• Exercise materials:
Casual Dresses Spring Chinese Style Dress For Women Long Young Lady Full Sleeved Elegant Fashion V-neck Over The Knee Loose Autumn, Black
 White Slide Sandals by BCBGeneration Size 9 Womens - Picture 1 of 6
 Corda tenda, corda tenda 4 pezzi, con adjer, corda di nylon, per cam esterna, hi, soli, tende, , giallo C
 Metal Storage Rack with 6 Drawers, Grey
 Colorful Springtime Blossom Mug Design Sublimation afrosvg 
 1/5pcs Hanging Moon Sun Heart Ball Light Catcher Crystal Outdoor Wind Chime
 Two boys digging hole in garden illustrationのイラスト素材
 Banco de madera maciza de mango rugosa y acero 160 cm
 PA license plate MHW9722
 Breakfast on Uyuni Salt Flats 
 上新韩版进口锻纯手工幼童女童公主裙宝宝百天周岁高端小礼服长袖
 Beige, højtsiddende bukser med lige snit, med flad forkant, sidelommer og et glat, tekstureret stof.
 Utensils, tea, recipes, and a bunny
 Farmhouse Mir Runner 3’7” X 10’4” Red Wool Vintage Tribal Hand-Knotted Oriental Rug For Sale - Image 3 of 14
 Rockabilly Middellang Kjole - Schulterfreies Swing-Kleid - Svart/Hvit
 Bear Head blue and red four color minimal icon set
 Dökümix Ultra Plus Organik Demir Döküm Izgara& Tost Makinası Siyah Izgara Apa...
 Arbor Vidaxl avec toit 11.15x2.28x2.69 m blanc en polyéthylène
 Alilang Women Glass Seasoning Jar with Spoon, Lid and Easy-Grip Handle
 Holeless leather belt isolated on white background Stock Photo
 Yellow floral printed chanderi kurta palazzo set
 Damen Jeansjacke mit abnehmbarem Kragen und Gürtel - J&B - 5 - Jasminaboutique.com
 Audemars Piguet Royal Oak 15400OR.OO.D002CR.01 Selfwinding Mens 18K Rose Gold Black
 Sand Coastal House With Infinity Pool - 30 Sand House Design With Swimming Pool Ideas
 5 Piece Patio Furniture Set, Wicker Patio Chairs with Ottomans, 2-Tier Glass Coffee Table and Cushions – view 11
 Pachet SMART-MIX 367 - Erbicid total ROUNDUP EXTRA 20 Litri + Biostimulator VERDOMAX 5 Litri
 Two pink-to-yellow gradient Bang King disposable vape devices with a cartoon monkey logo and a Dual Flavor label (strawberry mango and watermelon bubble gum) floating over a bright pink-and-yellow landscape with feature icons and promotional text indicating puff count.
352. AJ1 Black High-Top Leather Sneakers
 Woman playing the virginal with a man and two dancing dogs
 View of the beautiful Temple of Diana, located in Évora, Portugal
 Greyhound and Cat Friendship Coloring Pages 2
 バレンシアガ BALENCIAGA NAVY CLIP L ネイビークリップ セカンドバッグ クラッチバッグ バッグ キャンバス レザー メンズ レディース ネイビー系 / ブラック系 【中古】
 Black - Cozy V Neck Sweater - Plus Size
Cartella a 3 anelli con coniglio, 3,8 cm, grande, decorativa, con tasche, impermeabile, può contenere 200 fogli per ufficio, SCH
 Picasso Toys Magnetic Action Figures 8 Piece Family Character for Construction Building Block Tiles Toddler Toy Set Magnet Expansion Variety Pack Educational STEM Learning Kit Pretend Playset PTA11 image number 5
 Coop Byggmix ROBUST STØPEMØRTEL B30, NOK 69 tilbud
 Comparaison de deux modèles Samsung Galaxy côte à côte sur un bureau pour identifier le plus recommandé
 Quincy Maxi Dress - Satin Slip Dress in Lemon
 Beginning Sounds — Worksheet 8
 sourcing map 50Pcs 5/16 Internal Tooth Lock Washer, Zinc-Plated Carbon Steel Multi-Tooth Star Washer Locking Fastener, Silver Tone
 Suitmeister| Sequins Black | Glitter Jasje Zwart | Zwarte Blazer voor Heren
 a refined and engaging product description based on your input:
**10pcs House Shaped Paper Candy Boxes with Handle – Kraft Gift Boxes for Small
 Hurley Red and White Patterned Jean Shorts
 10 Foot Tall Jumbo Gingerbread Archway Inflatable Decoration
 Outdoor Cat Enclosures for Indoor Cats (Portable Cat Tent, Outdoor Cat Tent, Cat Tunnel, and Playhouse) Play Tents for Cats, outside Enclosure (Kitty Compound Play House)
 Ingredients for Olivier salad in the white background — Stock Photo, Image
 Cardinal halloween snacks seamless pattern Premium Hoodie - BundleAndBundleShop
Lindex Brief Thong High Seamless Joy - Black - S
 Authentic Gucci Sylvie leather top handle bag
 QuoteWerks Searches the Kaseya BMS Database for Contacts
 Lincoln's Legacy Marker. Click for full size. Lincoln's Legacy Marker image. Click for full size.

• Work order:
Output the entire listing exactly as it appears above.

• Exercise output:
Casual Dresses Spring Chinese Style Dress For Women Long Young Lady Full Sleeved Elegant Fashion V-neck Over The Knee Loose Autumn, Black
 White Slide Sandals by BCBGeneration Size 9 Womens - Picture 1 of 6
 Corda tenda, corda tenda 4 pezzi, con adjer, corda di nylon, per cam esterna, hi, soli, tende, , giallo C
 Metal Storage Rack with 6 Drawers, Grey
 Colorful Springtime Blossom Mug Design Sublimation afrosvg 
 1/5pcs Hanging Moon Sun Heart Ball Light Catcher Crystal Outdoor Wind Chime
 Two boys digging hole in garden illustrationのイラスト素材
 Banco de madera maciza de mango rugosa y acero 160 cm
 PA license plate MHW9722
 Breakfast on Uyuni Salt Flats 
 上新韩版进口锻纯手工幼童女童公主裙宝宝百天周岁高端小礼服长袖
 Beige, højtsiddende bukser med lige snit, med flad forkant, sidelommer og et glat, tekstureret stof.
 Utensils, tea, recipes, and a bunny
 Farmhouse Mir Runner 3’7” X 10’4” Red Wool Vintage Tribal Hand-Knotted Oriental Rug For Sale - Image 3 of 14
 Rockabilly Middellang Kjole - Schulterfreies Swing-Kleid - Svart/Hvit
 Bear Head blue and red four color minimal icon set
 Dökümix Ultra Plus Organik Demir Döküm Izgara& Tost Makinası Siyah Izgara Apa...
 Arbor Vidaxl avec toit 11.15x2.28x2.69 m blanc en polyéthylène
 Alilang Women Glass Seasoning Jar with Spoon, Lid and Easy-Grip Handle
 Holeless leather belt isolated on white background Stock Photo
 Yellow floral printed chanderi kurta palazzo set
 Damen Jeansjacke mit abnehmbarem Kragen und Gürtel - J&B - 5 - Jasminaboutique.com
 Audemars Piguet Royal Oak 15400OR.OO.D002CR.01 Selfwinding Mens 18K Rose Gold Black
 Sand Coastal House With Infinity Pool - 30 Sand House Design With Swimming Pool Ideas
 5 Piece Patio Furniture Set, Wicker Patio Chairs with Ottomans, 2-Tier Glass Coffee Table and Cushions – view 11
 Pachet SMART-MIX 367 - Erbicid total ROUNDUP EXTRA 20 Litri + Biostimulator VERDOMAX 5 Litri
 Two pink-to-yellow gradient Bang King disposable vape devices with a cartoon monkey logo and a Dual Flavor label (strawberry mango and watermelon bubble gum) floating over a bright pink-and-yellow landscape with feature icons and promotional text indicating puff count.
352. AJ1 Black High-Top Leather Sneakers
 Woman playing the virginal with a man and two dancing dogs
 View of the beautiful Temple of Diana, located in Évora, Portugal
 Greyhound and Cat Friendship Coloring Pages 2
 バレンシアガ BALENCIAGA NAVY CLIP L ネイビークリップ セカンドバッグ クラッチバッグ バッグ キャンバス レザー メンズ レディース ネイビー系 / ブラック系 【中古】
 Black - Cozy V Neck Sweater - Plus Size
Cartella a 3 anelli con coniglio, 3,8 cm, grande, decorativa, con tasche, impermeabile, può contenere 200 fogli per ufficio, SCH
 Picasso Toys Magnetic Action Figures 8 Piece Family Character for Construction Building Block Tiles Toddler Toy Set Magnet Expansion Variety Pack Educational STEM Learning Kit Pretend Playset PTA11 image number 5
 Coop Byggmix ROBUST STØPEMØRTEL B30, NOK 69 tilbud
 Comparaison de deux modèles Samsung Galaxy côte à côte sur un bureau pour identifier le plus recommandé
 Quincy Maxi Dress - Satin Slip Dress in Lemon
 Beginning Sounds — Worksheet 8
 sourcing map 50Pcs 5/16 Internal Tooth Lock Washer, Zinc-Plated Carbon Steel Multi-Tooth Star Washer Locking Fastener, Silver Tone
 Suitmeister| Sequins Black | Glitter Jasje Zwart | Zwarte Blazer voor Heren
 a refined and engaging product description based on your input:
**10pcs House Shaped Paper Candy Boxes with Handle – Kraft Gift Boxes for Small
 Hurley Red and White Patterned Jean Shorts
 10 Foot Tall Jumbo Gingerbread Archway Inflatable Decoration
 Outdoor Cat Enclosures for Indoor Cats (Portable Cat Tent, Outdoor Cat Tent, Cat Tunnel, and Playhouse) Play Tents for Cats, outside Enclosure (Kitty Compound Play House)
 Ingredients for Olivier salad in the white background — Stock Photo, Image
 Cardinal halloween snacks seamless pattern Premium Hoodie - BundleAndBundleShop
Lindex Brief Thong High Seamless Joy - Black - S
 Authentic Gucci Sylvie leather top handle bag
 QuoteWerks Searches the Kaseya BMS Database for Contacts
 Lincoln's Legacy Marker. Click for full size. Lincoln's Legacy Marker image. Click for full size.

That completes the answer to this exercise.